--- Listed entries Enclosed Below ---

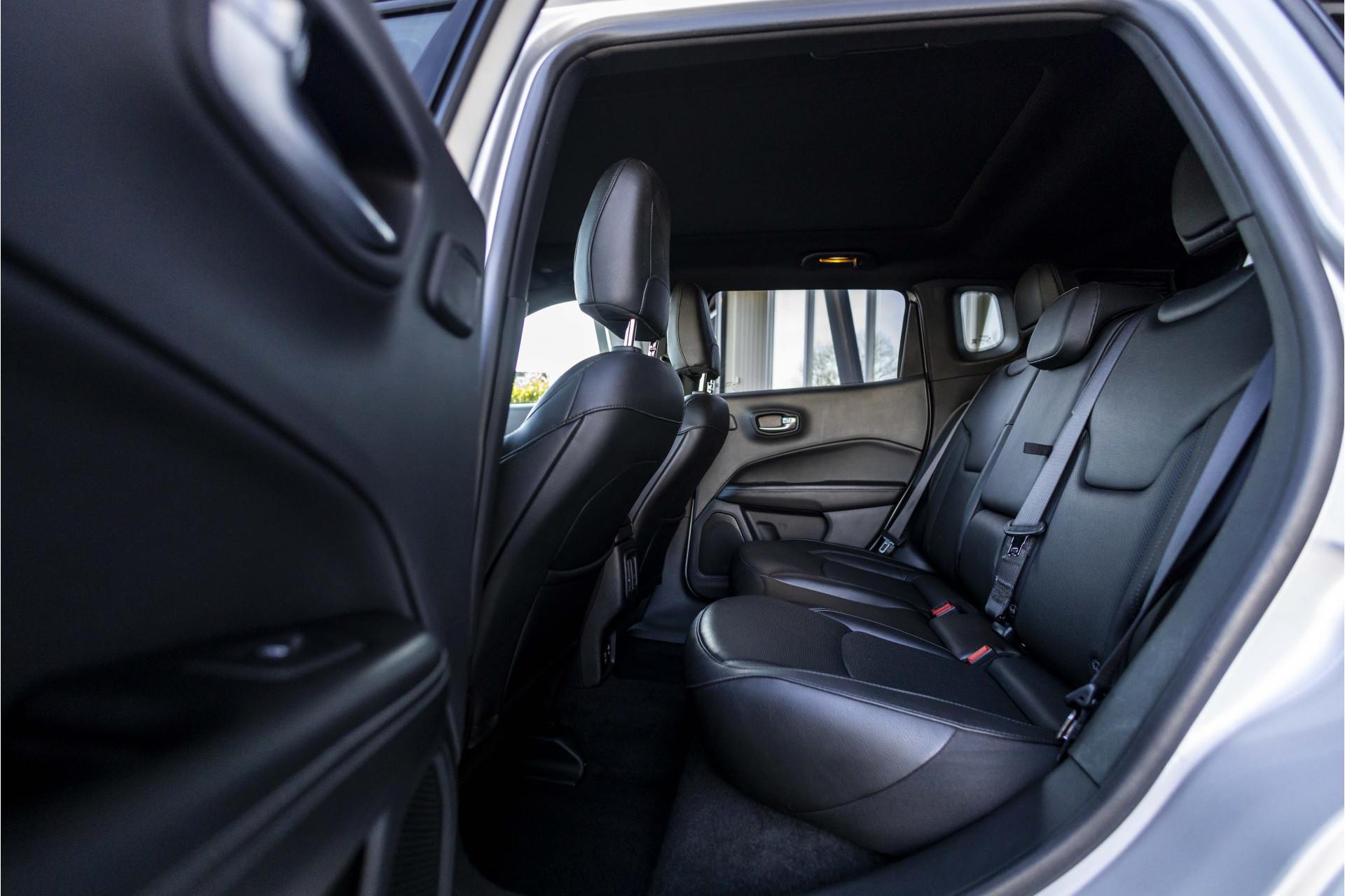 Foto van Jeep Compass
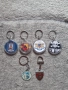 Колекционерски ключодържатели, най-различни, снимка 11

--- End of Enclosed Listed entries ---
--- Listed entries Enclosed Below ---

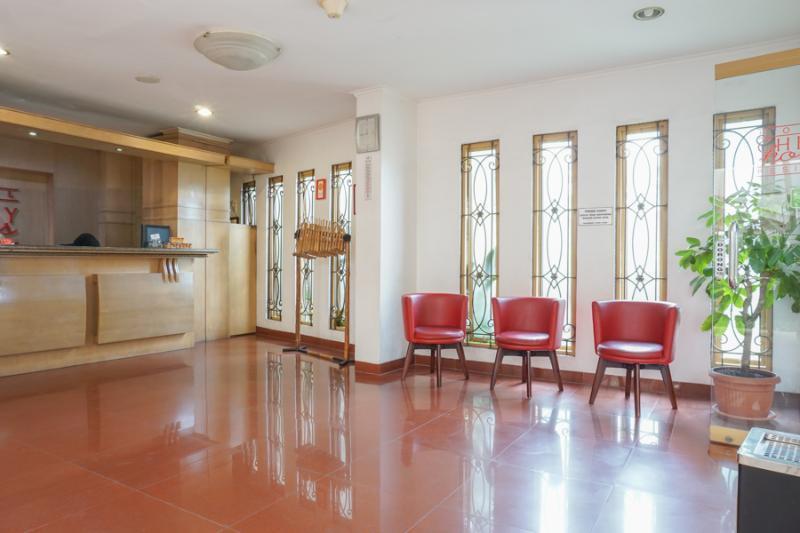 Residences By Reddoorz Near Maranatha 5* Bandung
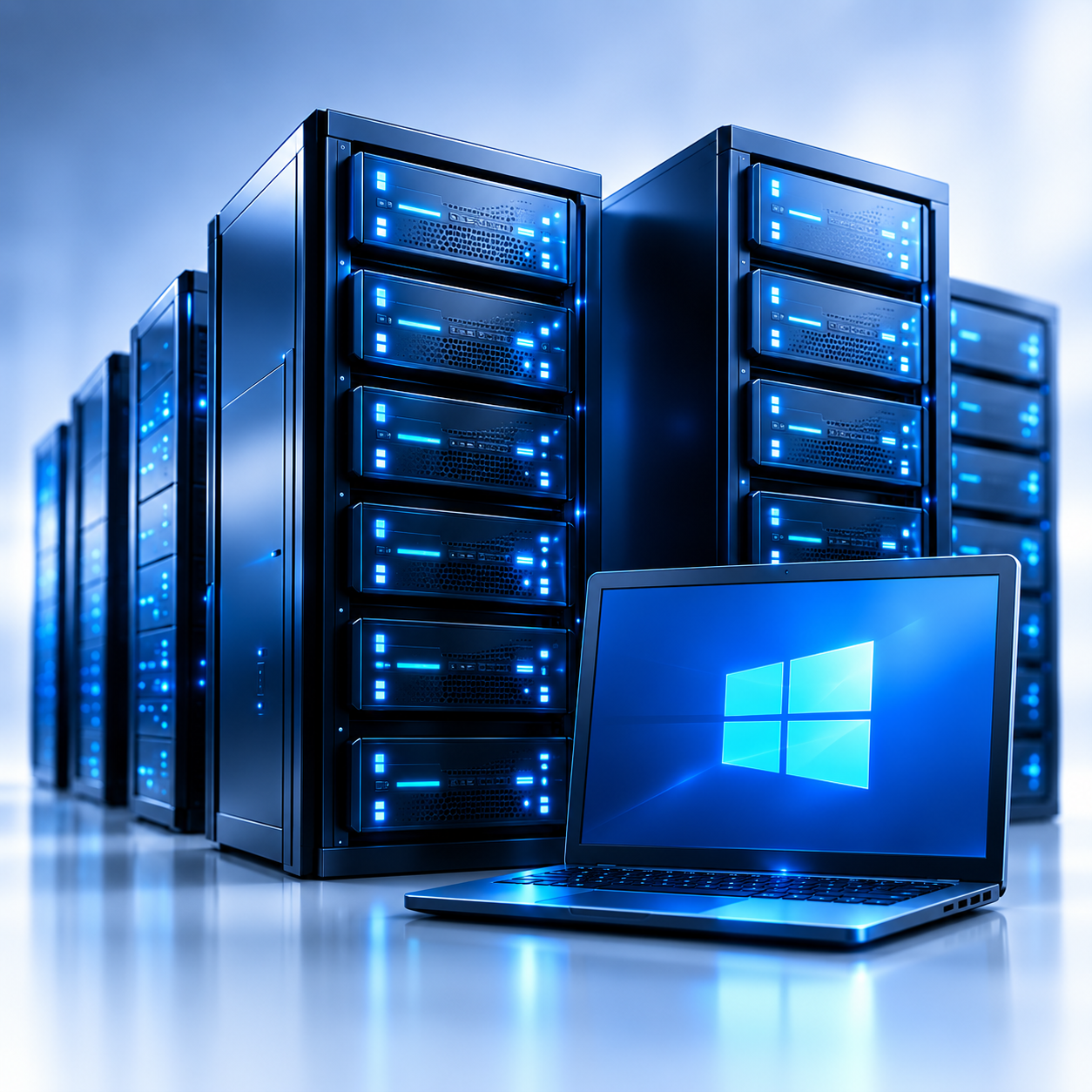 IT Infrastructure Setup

--- End of Enclosed Listed entries ---
--- Listed entries Enclosed Below ---

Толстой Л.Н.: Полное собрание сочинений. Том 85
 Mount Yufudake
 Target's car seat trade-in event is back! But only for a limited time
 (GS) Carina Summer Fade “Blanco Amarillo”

--- End of Enclosed Listed entries ---

• [Required action]: In the entries above, find the line with "Foto van Jeep Compass" and the line with "Колекционерски ключодържатели, най-различни, снимка". Return exactly those lines and all the ones between them, pictures excluded.

• [Response to this task]:
 Foto van Jeep Compass
 Колекционерски ключодържатели, най-различни, снимка 11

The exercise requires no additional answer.